A federal district court grants a Medicaid beneficiary's request for a preliminary injunction preventing the Connecticut Department of Social Services from treating two trusts established for the beneficiary by her deceased mother as countable resources before they were decanted into supplemental needs trusts. Simonsen v. Bremby (D.Ct., No. 15-cv-1399, Dec. 23, 2015).
Joy A. Miller established two inter vivos trusts for her daughter, Dawn Simonsen, that were funded when Ms. Miller died in 2003. The trusts, established in Florida, gave the trustee the ability to "pay to [Dawn] or utilize for her benefit so much of the income and principal of her trust as the trustee deems necessary or advisable from time to time for her health, maintenance in reasonable comfort, education and best interest considering all of her resources known to the trustee . . . the trustee is encouraged to be liberal in its use of the funds for her even to the extent of the full expenditure thereof."
Ms. Simonsen, a quadriplegic on a ventilator, was admitted to a nursing home in October 11, 2013, and she applied for Medicaid on July 31, 2014. On August 29, 2014, the trustee of the two trusts successfully petitioned a Florida court for permission to decant the two trusts into two new supplemental needs trusts. Although the Connecticut Department of Social Services (DSS) initially approved Ms.

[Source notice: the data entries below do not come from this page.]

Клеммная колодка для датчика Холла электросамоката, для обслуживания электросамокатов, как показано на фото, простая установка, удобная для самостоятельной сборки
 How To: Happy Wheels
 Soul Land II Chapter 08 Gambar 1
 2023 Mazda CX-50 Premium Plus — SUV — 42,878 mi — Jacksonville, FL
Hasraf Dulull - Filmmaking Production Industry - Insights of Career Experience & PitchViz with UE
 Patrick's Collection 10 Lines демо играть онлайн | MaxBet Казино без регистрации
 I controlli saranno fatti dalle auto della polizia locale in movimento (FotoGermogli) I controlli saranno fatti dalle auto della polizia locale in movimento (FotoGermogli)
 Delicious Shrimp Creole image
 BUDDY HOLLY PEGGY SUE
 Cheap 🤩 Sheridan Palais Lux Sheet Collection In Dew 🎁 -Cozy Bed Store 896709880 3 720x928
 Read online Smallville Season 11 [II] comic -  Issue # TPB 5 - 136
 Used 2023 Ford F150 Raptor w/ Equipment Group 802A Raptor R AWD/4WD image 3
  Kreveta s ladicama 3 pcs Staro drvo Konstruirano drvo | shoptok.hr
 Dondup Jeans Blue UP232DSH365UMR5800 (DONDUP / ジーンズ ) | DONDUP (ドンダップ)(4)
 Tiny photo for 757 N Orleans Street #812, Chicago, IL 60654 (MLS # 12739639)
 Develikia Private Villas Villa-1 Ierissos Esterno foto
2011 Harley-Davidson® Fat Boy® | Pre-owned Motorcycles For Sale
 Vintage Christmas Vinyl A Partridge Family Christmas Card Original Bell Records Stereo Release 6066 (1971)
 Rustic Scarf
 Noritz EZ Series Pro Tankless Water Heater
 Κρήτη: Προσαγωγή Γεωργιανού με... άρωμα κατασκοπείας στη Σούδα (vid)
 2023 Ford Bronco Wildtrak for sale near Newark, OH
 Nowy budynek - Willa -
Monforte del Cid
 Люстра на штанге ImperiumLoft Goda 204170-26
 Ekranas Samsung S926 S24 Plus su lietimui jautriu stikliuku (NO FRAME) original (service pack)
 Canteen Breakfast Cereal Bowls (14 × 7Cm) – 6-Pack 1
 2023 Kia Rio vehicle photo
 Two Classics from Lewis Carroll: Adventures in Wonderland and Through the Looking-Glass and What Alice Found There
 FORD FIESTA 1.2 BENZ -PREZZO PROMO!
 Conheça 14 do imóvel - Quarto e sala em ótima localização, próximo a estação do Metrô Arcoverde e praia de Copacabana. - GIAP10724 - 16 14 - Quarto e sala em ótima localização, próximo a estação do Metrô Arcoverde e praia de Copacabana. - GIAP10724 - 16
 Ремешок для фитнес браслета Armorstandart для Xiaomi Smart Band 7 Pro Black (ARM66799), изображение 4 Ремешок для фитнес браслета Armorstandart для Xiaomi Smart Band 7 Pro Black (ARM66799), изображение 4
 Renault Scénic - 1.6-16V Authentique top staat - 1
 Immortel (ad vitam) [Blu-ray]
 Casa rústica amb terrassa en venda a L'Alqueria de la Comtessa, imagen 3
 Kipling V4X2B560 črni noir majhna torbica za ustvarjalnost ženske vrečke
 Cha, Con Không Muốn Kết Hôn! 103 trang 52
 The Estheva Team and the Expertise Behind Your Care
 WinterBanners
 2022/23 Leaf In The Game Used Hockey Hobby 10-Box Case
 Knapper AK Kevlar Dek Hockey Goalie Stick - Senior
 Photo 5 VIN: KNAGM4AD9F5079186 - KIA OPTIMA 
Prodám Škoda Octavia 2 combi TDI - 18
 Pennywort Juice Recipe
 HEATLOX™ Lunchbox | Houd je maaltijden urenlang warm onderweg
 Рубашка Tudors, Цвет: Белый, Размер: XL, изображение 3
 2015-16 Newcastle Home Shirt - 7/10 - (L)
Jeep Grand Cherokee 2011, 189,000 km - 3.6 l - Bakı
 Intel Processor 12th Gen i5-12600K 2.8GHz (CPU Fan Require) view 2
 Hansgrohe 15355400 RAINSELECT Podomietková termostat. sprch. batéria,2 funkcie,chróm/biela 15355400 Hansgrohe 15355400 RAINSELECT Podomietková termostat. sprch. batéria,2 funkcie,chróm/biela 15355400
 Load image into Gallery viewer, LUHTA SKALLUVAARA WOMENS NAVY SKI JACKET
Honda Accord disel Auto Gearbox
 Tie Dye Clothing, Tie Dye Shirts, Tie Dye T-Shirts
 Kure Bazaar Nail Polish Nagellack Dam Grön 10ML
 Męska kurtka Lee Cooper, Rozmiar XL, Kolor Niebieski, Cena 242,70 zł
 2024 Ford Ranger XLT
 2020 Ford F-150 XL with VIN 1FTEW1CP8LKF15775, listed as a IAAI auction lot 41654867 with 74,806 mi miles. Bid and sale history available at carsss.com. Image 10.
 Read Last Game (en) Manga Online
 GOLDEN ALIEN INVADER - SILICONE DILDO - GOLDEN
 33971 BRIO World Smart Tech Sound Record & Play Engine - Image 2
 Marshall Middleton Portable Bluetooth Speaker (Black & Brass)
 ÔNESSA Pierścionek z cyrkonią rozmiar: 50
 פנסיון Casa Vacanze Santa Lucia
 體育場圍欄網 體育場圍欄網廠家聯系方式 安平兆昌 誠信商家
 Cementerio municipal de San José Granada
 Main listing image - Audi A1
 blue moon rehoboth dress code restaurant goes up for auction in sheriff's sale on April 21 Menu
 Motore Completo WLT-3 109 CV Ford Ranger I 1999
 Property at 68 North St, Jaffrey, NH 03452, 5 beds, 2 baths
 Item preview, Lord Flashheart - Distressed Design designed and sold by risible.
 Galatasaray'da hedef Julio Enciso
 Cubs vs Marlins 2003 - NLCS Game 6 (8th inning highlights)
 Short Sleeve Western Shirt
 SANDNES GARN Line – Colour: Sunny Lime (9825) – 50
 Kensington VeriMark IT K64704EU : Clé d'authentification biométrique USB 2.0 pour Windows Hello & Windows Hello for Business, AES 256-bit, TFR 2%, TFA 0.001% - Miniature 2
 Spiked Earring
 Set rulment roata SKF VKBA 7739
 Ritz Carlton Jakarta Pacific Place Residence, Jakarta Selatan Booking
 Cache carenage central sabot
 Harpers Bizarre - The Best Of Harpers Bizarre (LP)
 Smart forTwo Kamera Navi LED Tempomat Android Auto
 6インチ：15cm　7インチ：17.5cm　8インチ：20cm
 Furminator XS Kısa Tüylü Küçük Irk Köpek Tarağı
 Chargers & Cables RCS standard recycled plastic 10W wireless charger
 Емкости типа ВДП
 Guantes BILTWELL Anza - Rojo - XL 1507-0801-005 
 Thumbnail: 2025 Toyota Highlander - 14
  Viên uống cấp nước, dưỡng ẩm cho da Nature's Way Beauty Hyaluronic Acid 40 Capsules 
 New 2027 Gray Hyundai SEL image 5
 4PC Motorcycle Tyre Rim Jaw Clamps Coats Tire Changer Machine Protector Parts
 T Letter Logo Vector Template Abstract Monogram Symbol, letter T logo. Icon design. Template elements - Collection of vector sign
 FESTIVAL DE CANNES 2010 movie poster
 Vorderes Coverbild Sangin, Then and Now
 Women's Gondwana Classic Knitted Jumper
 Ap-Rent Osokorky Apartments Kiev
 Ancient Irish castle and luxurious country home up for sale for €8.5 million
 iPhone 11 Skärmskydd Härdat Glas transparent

Simonsen's Medicaid application, it subsequently determined that the original trusts were countable resources and assessed a seven-year transfer of assets penalty for the decanting into the clearly inaccessible supplemental needs trusts. Ms. Simonsen appealed DSS's decision and while that appeal was pending filed a request for a preliminary injunction with the federal district court asking it to prohibit the state from terminating her Medicaid benefits and to hold that the previous trusts were not accessible resources, voiding the transfer penalty.
Referring to the Social Security Administration's Program Operations Manual System (POMS), the U.S. District Court for the District of Connecticut grants the motion for a preliminary injunction, finding that the original trusts are not countable resources because they "do not contain terms providing the beneficiary with any right or authority to direct any payments, and instead empowered the Trustee with the sole discretion to determine when to make a distribution . . . Moreover, the Predecessor Trusts contained a valid spendthrift clause . . . In short, if a trust contains a spendthrift clause, the beneficiary has no legal right or authority to access the trust principal, and, therefore, it is not counted as an available resource for SSI, and consequently Medicaid, eligibility purposes."